Servaz notó que comenzaba a latirle el corazón con la contundencia de un tambor.

—¿Dónde está esa área? ¿Cuándo fue eso?

—Hace dos semanas. Le va a gustar, comandante: el área es la del bosque de Dourre, en la A20, al norte de Montauban.

—¿Quedó filmada la moto? ¿Tienen la matrícula?

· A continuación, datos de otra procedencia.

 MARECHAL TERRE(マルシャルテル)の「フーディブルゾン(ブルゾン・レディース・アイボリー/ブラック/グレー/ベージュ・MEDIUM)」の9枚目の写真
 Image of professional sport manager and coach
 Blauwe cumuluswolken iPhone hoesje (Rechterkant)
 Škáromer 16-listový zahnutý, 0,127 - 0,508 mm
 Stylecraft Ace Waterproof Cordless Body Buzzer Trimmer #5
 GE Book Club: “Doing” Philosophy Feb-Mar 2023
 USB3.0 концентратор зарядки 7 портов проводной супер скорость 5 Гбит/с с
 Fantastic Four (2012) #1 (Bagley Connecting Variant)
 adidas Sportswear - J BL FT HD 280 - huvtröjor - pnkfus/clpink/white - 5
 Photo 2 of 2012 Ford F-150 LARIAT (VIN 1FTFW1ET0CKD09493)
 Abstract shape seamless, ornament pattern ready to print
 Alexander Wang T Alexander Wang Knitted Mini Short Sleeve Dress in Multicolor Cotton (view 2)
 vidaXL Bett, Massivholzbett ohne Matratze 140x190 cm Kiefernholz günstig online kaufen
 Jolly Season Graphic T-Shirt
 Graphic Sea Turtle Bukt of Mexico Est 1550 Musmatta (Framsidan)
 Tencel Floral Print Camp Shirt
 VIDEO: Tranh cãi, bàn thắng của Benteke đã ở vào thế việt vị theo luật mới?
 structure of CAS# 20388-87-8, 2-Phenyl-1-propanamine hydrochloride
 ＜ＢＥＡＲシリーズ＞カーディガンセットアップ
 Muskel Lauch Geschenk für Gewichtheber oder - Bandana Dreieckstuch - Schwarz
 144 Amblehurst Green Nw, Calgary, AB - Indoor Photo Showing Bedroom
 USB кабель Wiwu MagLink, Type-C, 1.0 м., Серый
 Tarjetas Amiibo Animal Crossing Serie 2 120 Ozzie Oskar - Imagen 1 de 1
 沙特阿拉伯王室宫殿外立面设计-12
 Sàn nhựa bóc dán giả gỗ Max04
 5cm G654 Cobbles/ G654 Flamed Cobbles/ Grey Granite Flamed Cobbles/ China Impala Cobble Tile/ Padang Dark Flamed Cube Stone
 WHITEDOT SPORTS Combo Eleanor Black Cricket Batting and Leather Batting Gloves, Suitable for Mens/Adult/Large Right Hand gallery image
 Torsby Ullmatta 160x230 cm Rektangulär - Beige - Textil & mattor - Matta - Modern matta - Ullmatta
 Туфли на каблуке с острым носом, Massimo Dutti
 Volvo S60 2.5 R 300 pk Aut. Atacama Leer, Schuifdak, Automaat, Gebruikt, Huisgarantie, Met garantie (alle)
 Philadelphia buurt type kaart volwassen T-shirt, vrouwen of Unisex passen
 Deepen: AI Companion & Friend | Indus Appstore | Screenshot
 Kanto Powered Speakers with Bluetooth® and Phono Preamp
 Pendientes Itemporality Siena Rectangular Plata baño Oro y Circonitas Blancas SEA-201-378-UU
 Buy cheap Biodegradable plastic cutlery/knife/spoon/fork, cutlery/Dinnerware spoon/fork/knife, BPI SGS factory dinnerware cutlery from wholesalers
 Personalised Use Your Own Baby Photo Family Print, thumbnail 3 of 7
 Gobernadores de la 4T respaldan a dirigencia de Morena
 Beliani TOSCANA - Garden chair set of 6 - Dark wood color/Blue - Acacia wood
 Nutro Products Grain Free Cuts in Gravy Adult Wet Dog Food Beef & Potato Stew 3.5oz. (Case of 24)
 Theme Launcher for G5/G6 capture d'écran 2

—No sé si fue por casualidad o hecho a propósito. El caso es que aparcó la moto lejos de las cámaras, pero volvimos a encontrar su huella en uno de los peajes, más al sur, en la dirección Paris-Toulouse. La imagen no es muy nítida. Disponemos del principio de la matrícula y estamos trabajando sobre esa base. ¿Comprende ahora por qué es tan importante lo que me cuenta? Si realmente era Hirtmann el que iba en esa moto, es muy probable que se encuentre en su sector en estos momentos.

★ ★ ★

Servaz contemplaba, aturdido, el resultado de su búsqueda en Google. Había introducido las palabras JULIAN HIRTMANN y había obtenido ni más ni menos que 1.130.000 resultados.

Se recostó en el sillón, pensativo.

Tras la fuga del suizo, había estado pendiente de toda suerte de información que tuviera que ver con él. Había escudriñado periódicos, comunicados, boletines, efectuado decenas de llamadas telefónicas, atosigado a la unidad encargada de seguir su pista, pero se habían sucedido los meses, las estaciones —primavera, verano, otoño, invierno, primavera de nuevo…— y al final había renunciado. Había pasado página. Aquel ya no era asunto de su incumbencia, punto. Había procurado ahuyentarlo de su pensamiento.

Recorrió mentalmente la página de resultados que aparecía en la pantalla. Sabía que la libertad de expresión era uno de los caballos de batalla de los internautas y que a cada cual le correspondía filtrar, seleccionar y armarse de espíritu crítico. Aun así, lo que descubría en la Red lo llenaba de incredulidad. El suizo tenía miles de fans y las páginas consagradas a su gloria eran numerosas. Algunos artículos eran relativamente neutros. Presentaban fotos de Hirtmann tomadas durante su juicio y otras, robadas, en las que se le veía antes en compañía de su encantadora esposa… la misma a la que había electrocutado en el sótano de su casa en compañía de su amante después de haberlos obligado a desnudarse y haberlos rociado de champán. Se comparaba a Hirtmann con otros asesinos en serie europeos, como José Antonio Rodríguez Vega, que había violado y matado a dieciséis mujeres de edades comprendidas entre los sesenta y uno y los noventa y tres años entre agosto de 1987 y abril de 1988 en España, o Joachim Kroll,
el Caníbal del Ruhr
. En las fotos, Hirtmann lucía un semblante firme, bien perfilado, algo severo, de rasgos regulares y mirada intensa, bien distinto del hombre pálido y fatigado que había conocido en el Instituto.